Vista la situazione, oggi di fatto i vostri interlocutori sono i prefetti.

E’ inevitabile, viste le vicende giudiziarie. La procedura dal punto di vista del tribunale a Lecce. Per noi sarebbe difficile per noi avere un’interlocuzione diretta e per cui il ruolo dei prefetti è di primaria importanza. Il prefetto di Torino tiene i rapporti con noi, con il tribunale e ovviamente con il Ministero”.

Il clima in fabbrica e tra i lavoratori com’è ?

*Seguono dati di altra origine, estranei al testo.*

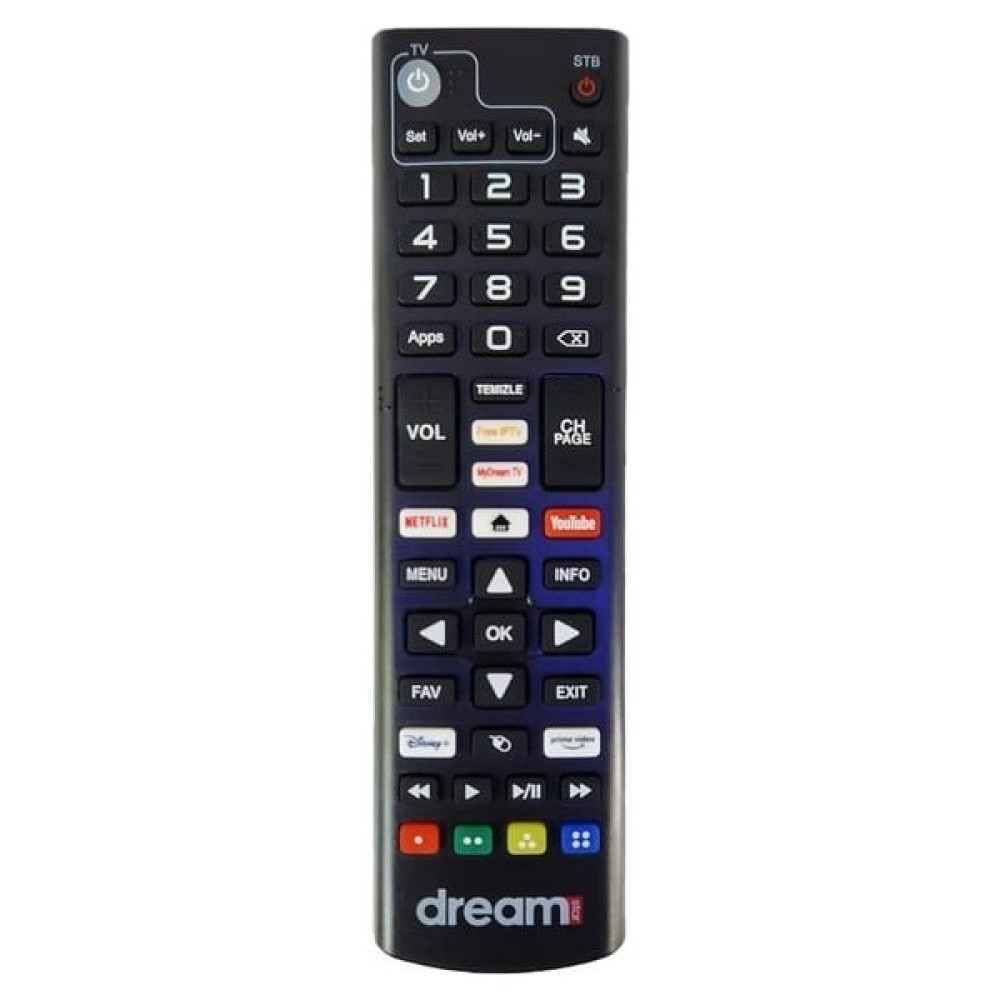 Dream Dreamstar Universal Kumanda - Siyah Oto Boyaları Fiyatı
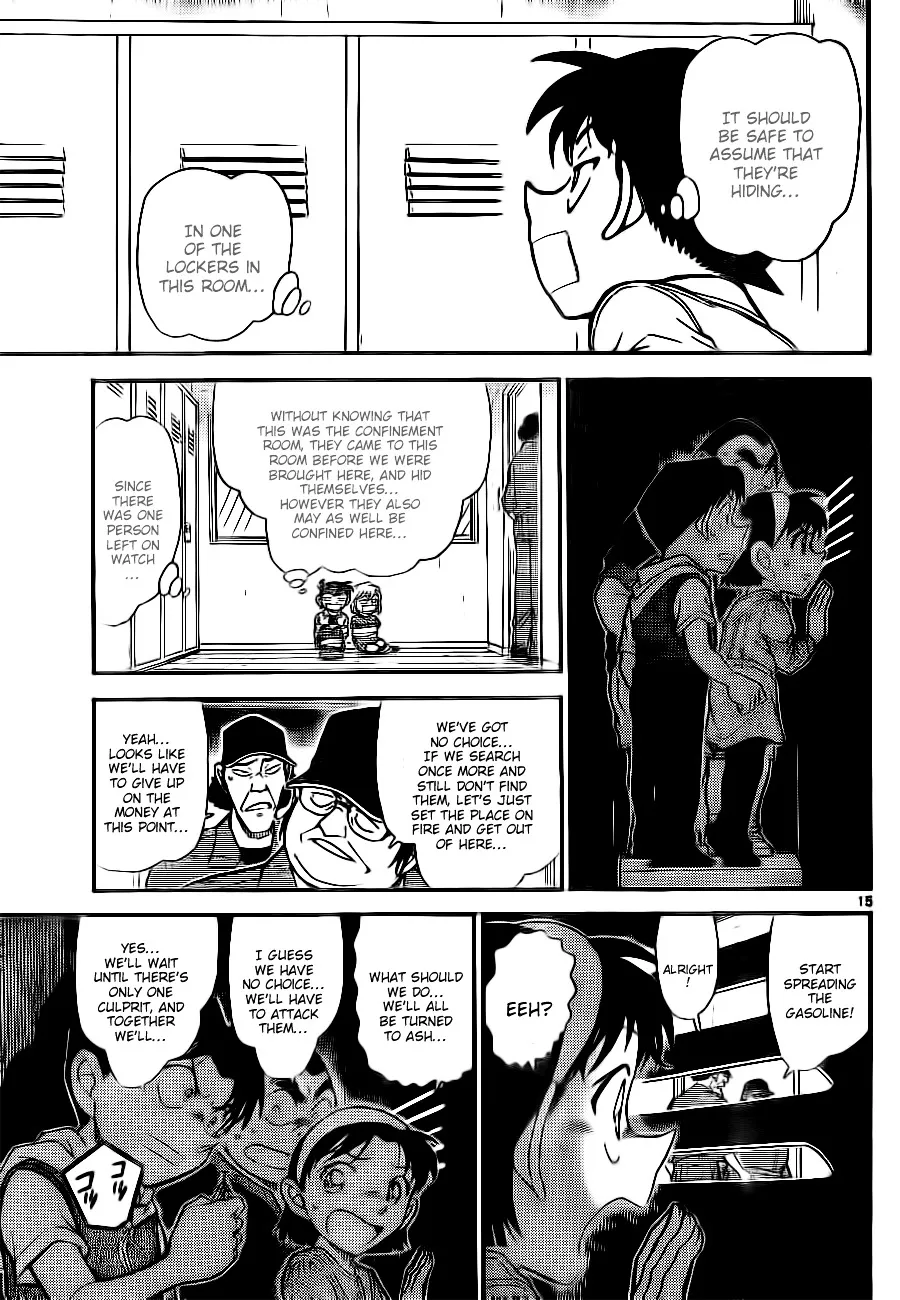 Read Detective Conan chapter 754 image 14 on Lezhin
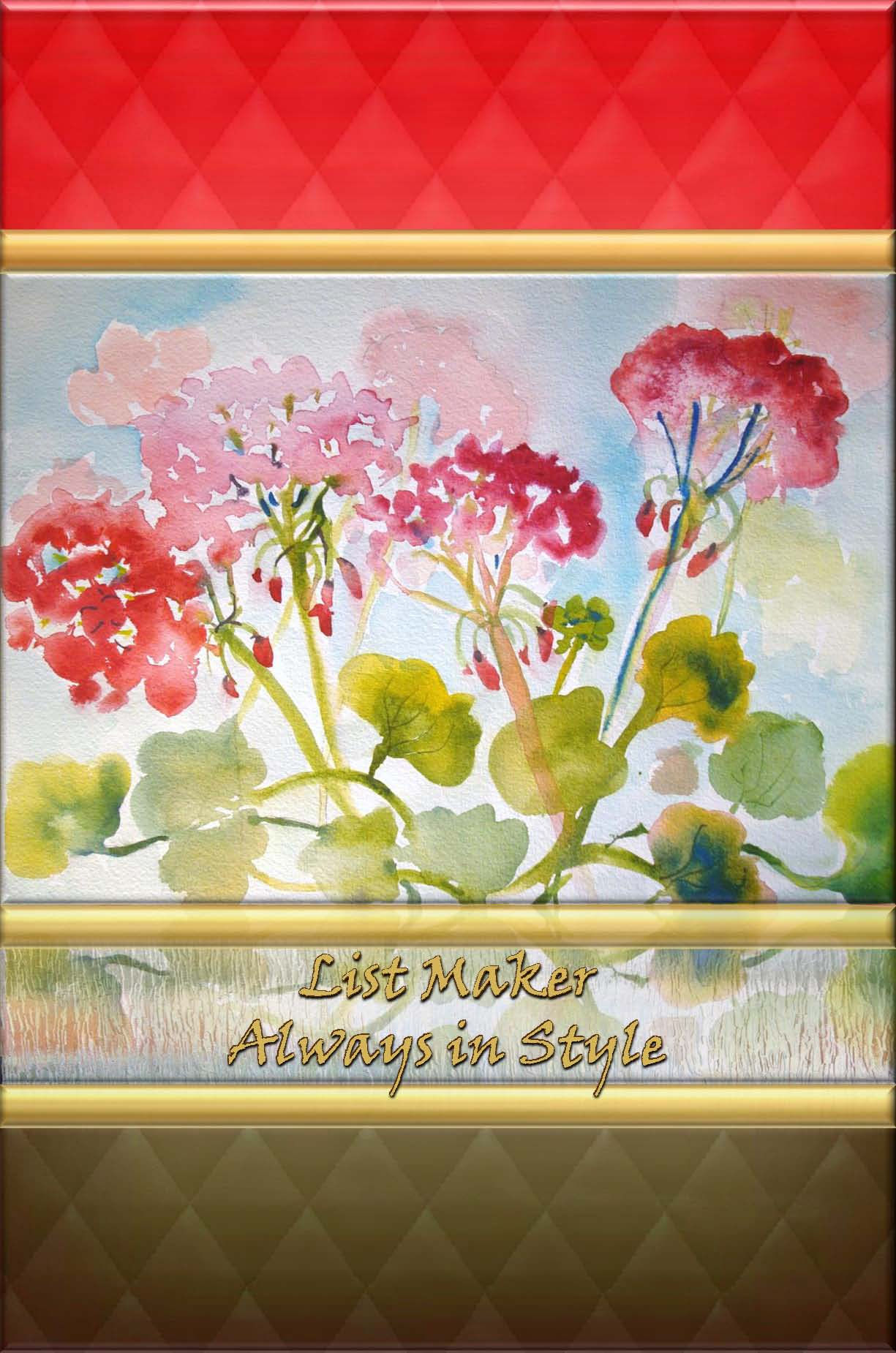 List Maker - Always in Style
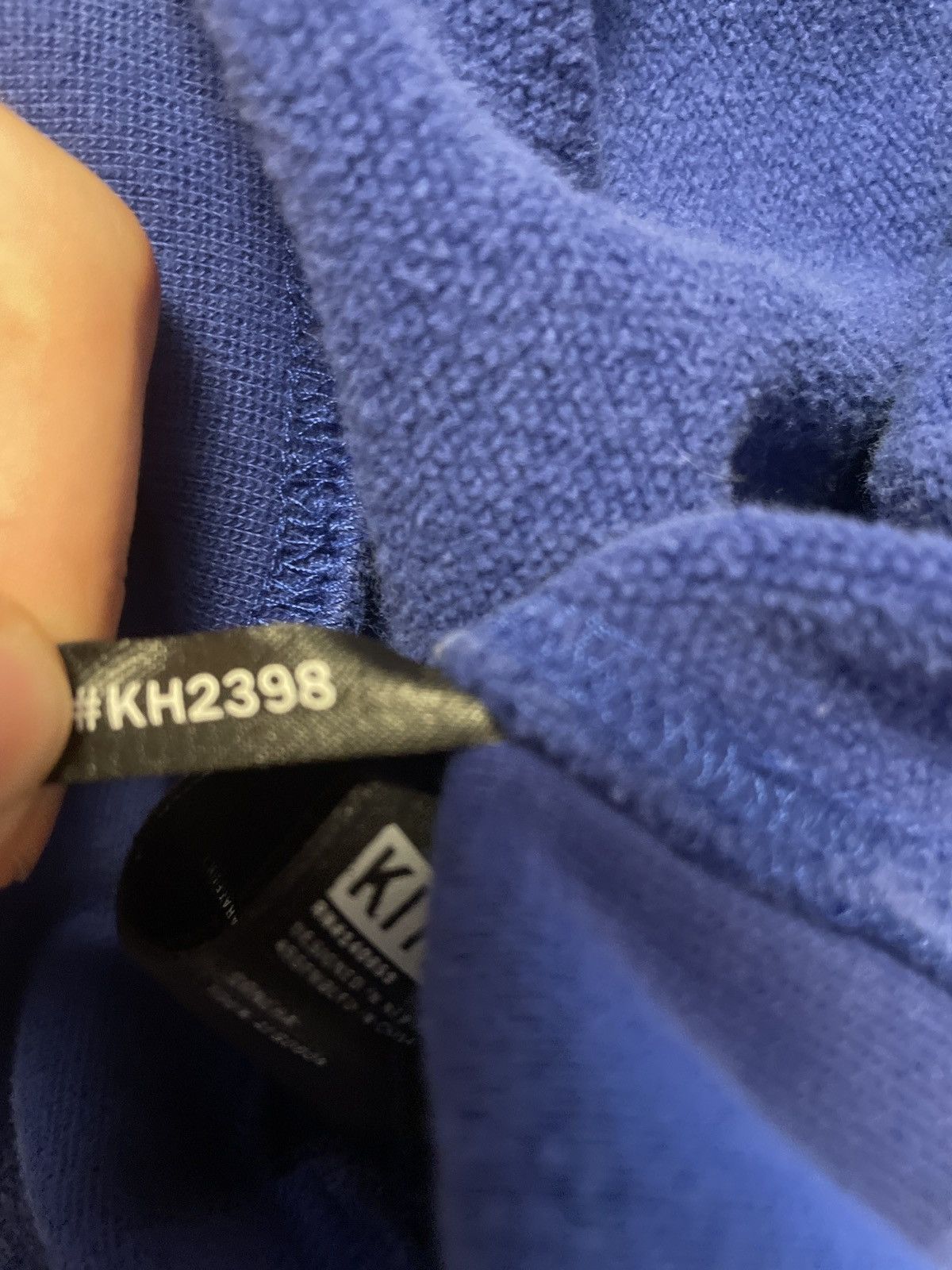 Kith Kith Williams III Royal Blue and White Two Tone Hoodie Size US M / EU 48-50 / 2 - 7 Thumbnail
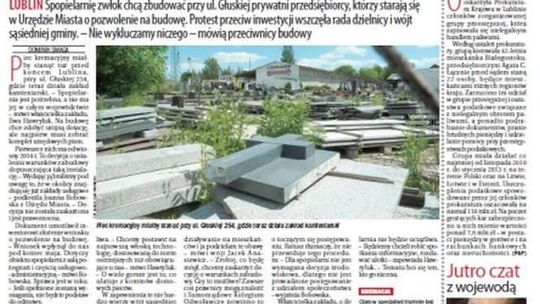 Pierwsza strona Dziennika Wschodniego z 8 czerwca 2016 roku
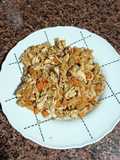 Pollo Mechado con Apio y Puerros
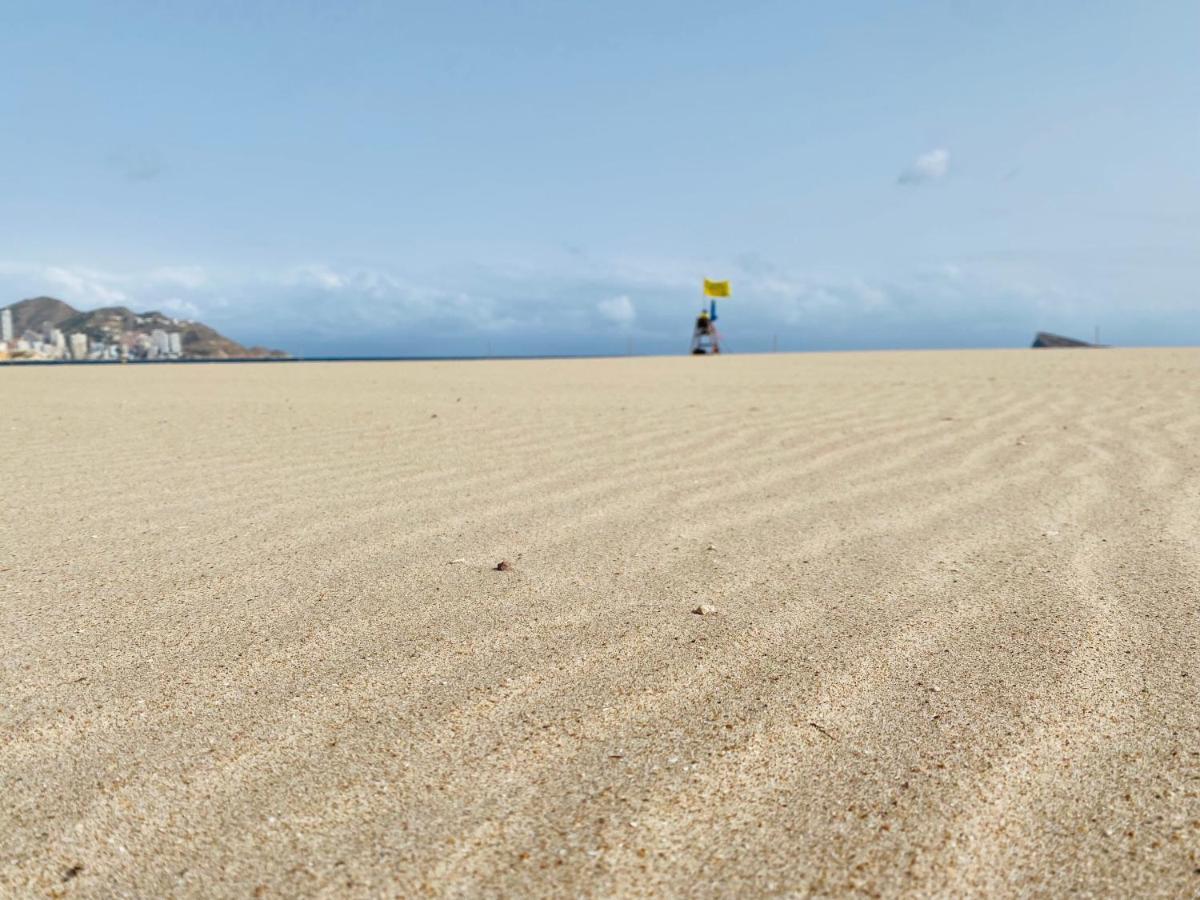 Sunset Waves Benidorm Sea Viewアパートメント エクステリア 写真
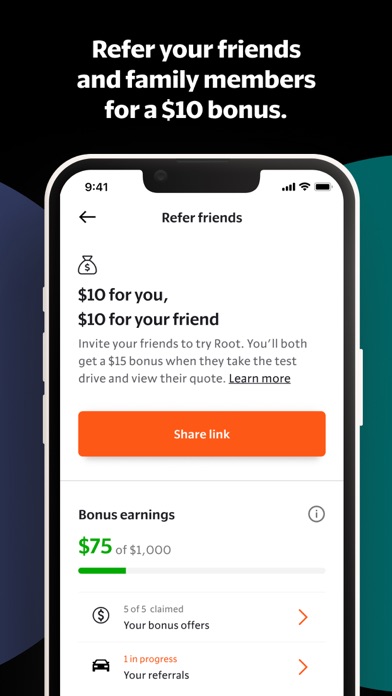 Root: Better car insurance screenshot 2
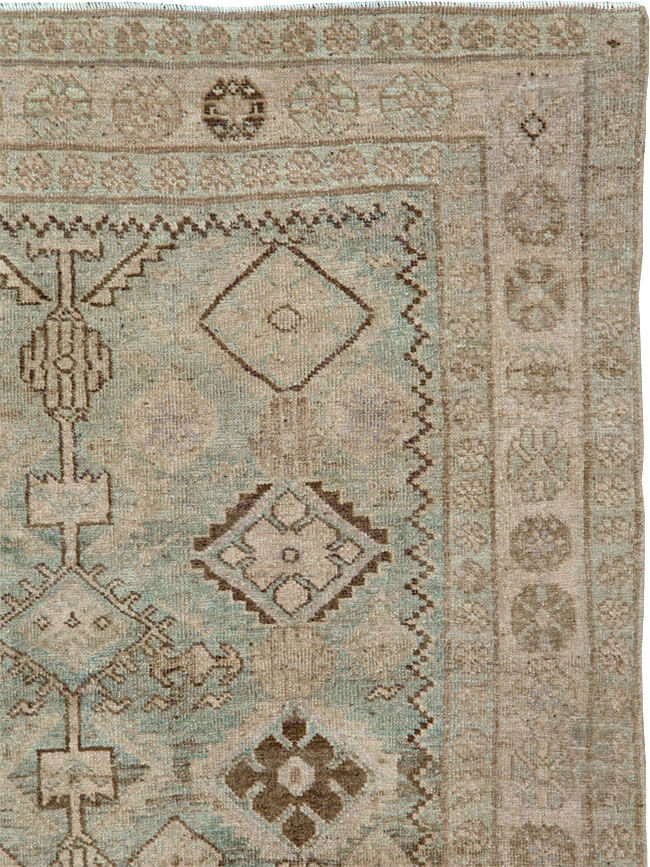 Antique Persian Kurdish Bidjar Rug, No.21672 - Galerie Shabab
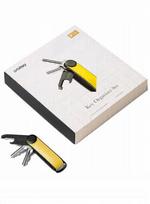 Zestaw Orbitkey Hybrid Leather + Multi-Tool V2 - Solar Yellow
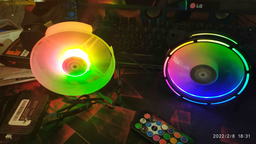 Вентилятор Frime Iris LED Fan Think Ring RGB HUB (FLF-HB120TRRGBHUB16) фото от покупателей 3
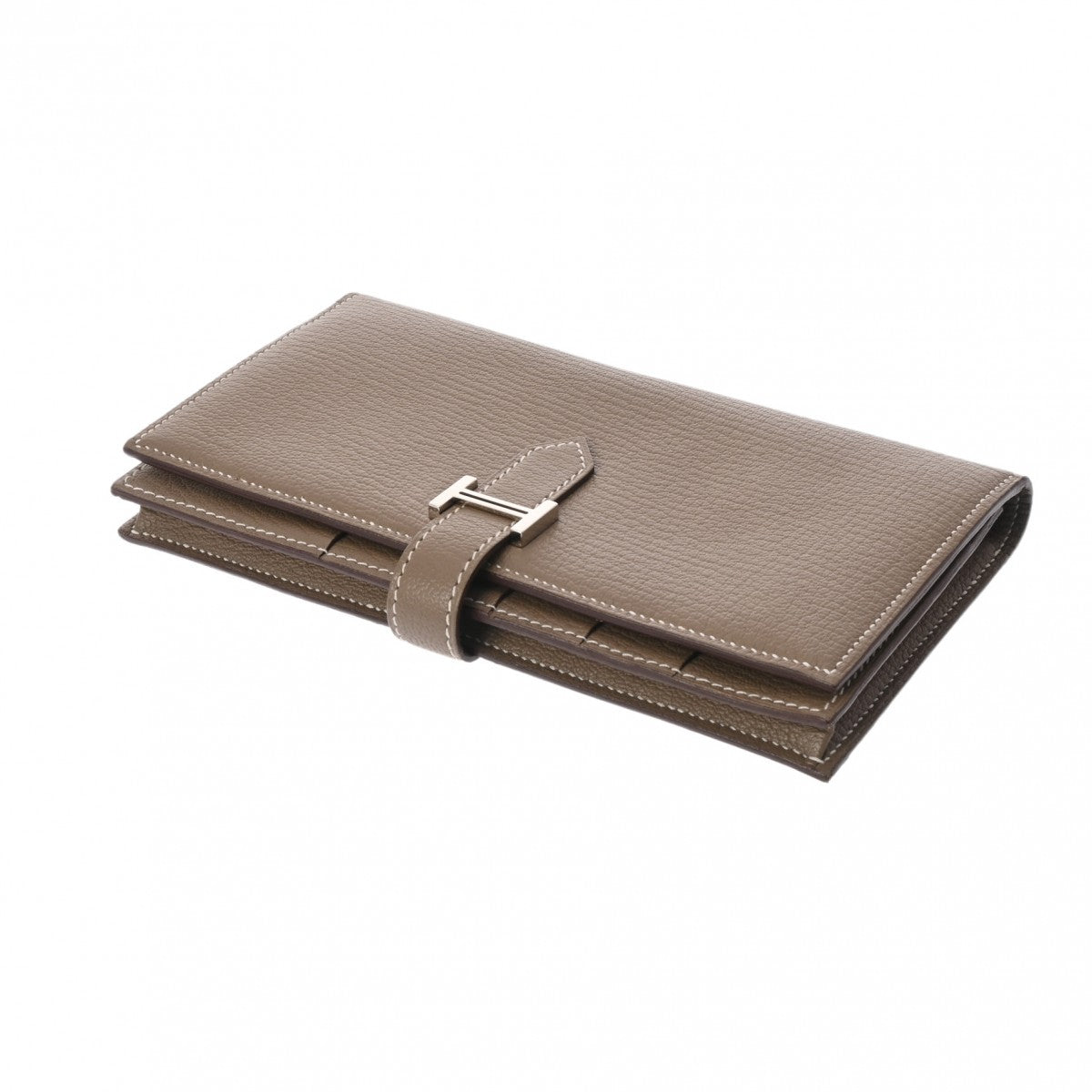 エルメスベアンスフレ エトゥープ □N刻印(2010年頃)刻印 レディース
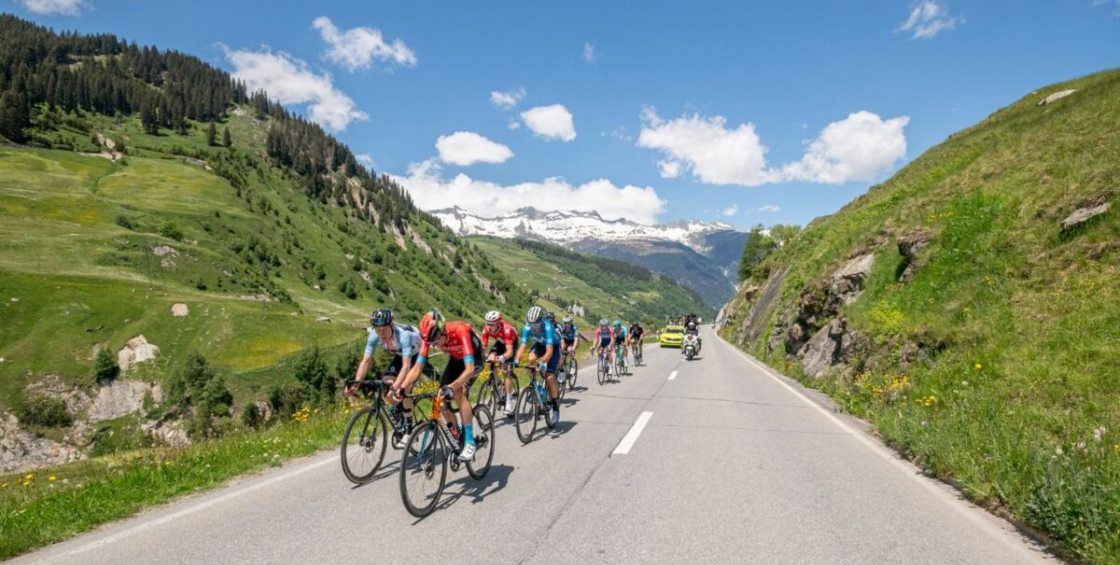 Tour de Suisse Bergetappe Malbun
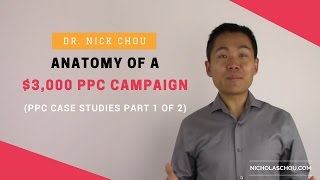 Anatomy of a $3,000 PPC Campaign [PPC Case Studies Part 2 of 2]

“Lo abbiamo ribadito anche all’arcivescovo. Siamo in un contesto molto particolare; in passato i lavoratori non hanno esitato a gravarsi di un prestito per aiutare la precedente proprietà e proseguire l’attività lavorativa. Questi lavoratori sono delusi dal sistema e dalla gestione degli ultimi anni che ha visto susseguirsi degli imprenditori che all’improvviso hanno buttato la spugna, chi per un motivo chi per un altro. C’è stato un passaggio di proprietà da un giorno all’altro e il sentimento di delusione è grande ma siamo di fronte a lavoratori che ad oggi non hanno buttato la spugna. Tutti insieme stiamo facendo dei passi: ci sono state assemblee accese ma quello è il luogo in cui bisogna chiarirsi e dirsi le cose così come stanno. Il nostro ruolo, come sindacato, è quello di dare risposte . Lo abbiamo fatto e ci siamo capiti. Direi che il clima è relativamente sereno, anche se la situazione è di estrema preoccupazione. Ricordiamo che qui si parla di 150 famiglie a Vaie e altre 3o0 a Lecce”.